Denuvo is one of the most argued-about names in PC gaming — and a lot of that argument comes from a simple mix-up. Denuvo is usually anti-tamper, not anti-cheat.
What anti-tamper does
Anti-tamper protects a game against being cracked and pirated. It wraps the game's code so that tools used to remove copy protection cannot easily do their job. Its goal is commercial: keep paying customers paying. It has nothing to do with multiplayer fairness.
What anti-cheat does
Anti-cheat protects the fairness of online play. It detects aimbots, wallhacks and other cheats, and it bans the players who use them. Its goal is competitive integrity. The two solve completely different problems for completely different reasons.
Why people confuse them
The confusion is understandable. Both are extra layers bundled into a game, both run protective code, and both have been blamed for performance issues. The company behind Denuvo's anti-tamper has also offered a separate anti-cheat product — so the same brand has appeared in both categories, which only deepens the mix-up.
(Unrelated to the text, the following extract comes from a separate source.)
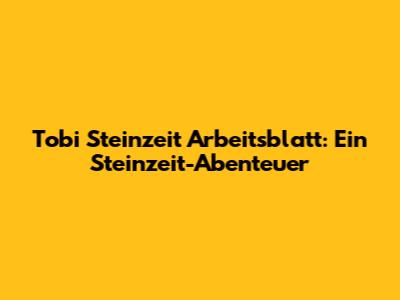 Tobi Steinzeit Arbeitsblatt: Ein Steinzeit-Abenteuer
Why the distinction matters
If a game has anti-tamper, that affects piracy and possibly performance — not your ban risk. If a game has anti-cheat, that is what reads hardware identifiers and issues bans. Blaming anti-tamper for a ban, or expecting anti-cheat to stop piracy, leads to the wrong conclusions about what a given game's protection actually does.
The takeaway
Anti-tamper guards the publisher's revenue; anti-cheat guards the match. Denuvo is best known for the first. Keeping the two ideas separate is the difference between understanding a game's protective layers and guessing at them.